Story by Miracle Okoro, Senior Staff Writer

Mimi bia lee a anya,” My mother calls: ‘Miracle come look at this.’ There on her phone she shows me a video of a young woman (let’s call her Jane to protect her identity), not much older than me. Jane had migrated to Libya fleeing the crisis that has plagued our country Nigeria. She was taken by a group of men after being promised a better life. Giving into the vision of luxury she went along with them, only to be beaten and treated in the most inhumane way. No animal could suffer what this young woman suffered.

Unfortunately this is the reality that so many young girls must face, not just in Africa but all over the world. Knowing this detestable truth inspires me to be the best unconventional feminist I can possibly be.

True feminism in my eyes isn’t about walking up and down the streets of New York baring my chest out to the world in the name of gender equality and women’s rights.  Neither is it being stuck in a world in which I hate all men and strive to top them in any way that I can. It’s being the voice for the thousands of women who don’t have a voice. Who are supressed by the winds of so-called male authority. Women like Jane. And Chiamaka.

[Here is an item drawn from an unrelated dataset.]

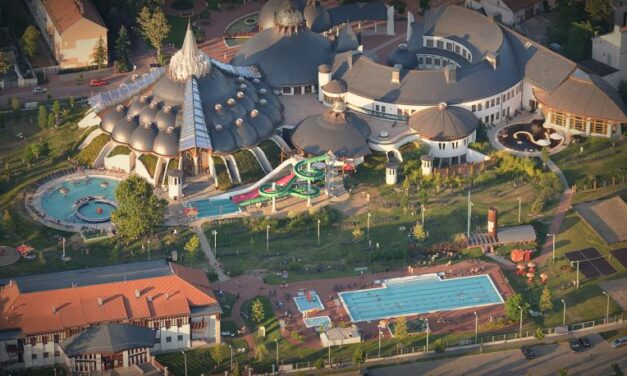 Fizetős lehet a parkolás a makói Hagymatikumnál a turisták számára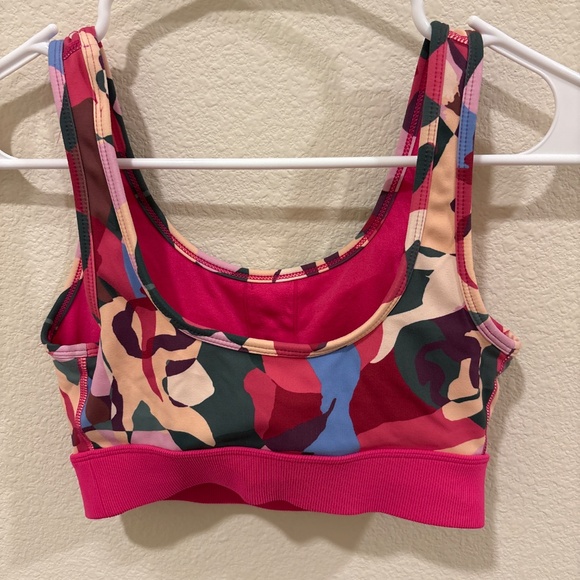 Women’s size xs Reebok limited edition printed bra - Picture 2 of 2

The only girl in a family of six, Chiamaka was brought to our home in Nigeria when she was around the age of 8. She was to be our caretaker and maid. In exchange for her services my mother would fund her schooling, because her family could not afford to send all four children to school. So her father made the decision to send Chiamaka away from home, for the sole reason that she is a girl.

Recalling this story made me wonder why: Why would a father send off his young daughter to work while his older sons stay home to focus on school? Because his mentality was that if something didn’t work out, her education would be in jeopardy. Besides, her primary purpose in life is to be able to cook, clean, and satisfy the man that would take her as his wife, right?

Obviously his state of thinking was wrong, but unfortunately this mentality is not in the minority. In many patriarchal societies, especially those that are not part of western civilization, the importance of a woman’s education is mitigated, hindering the dreams of so many bright young women who have so much to give to the world.  

Although the journey to a proper education and a decent life was a treacherous one for her, Chiamaka eventually finished school. I can’t help but imagine how much better the outcomes of her future would have been if she had been born a man.

In a perfect world every young woman would have the opportunity to properly educate themselves, reach their goals and full potential, and express themselves fully. This is what I see when I think of feminism. Not a world in which I reject the virtues of my femininity in an effort to erase the stigma of being the “weaker vessel”.

True feminism recognizes that men and women are fundamentally equal, yet both genders bring different things to the table feminism should not ignore the fact that some women may be physically weaker, but it will unveil the reality that women have a emotionally collective strength, an air of compassion and a flare of bravery that is very unique to the female species.

True feminism seeks to reconcile the differences between the two genders, rather than pitching the two sides against each other, criminalizing, or creating a robotic atmosphere of uniformity in the name of equality. It equips everyone–men and women alike–with hope and encouragement to follow their dreams and achieve their goals. Feminism is about bringing men and women together rather than creating a divide. It’s educating each gender so that respect and acceptance can reign supreme over dishonor and division.

True feminism breaks the chain of discrimination against women, it is more than a movement for equality:It is a revolution that starts with the individual in which we must revere the words of Maya Angelou: “I’m a woman phenomenally, a phenomenal woman that’s me.”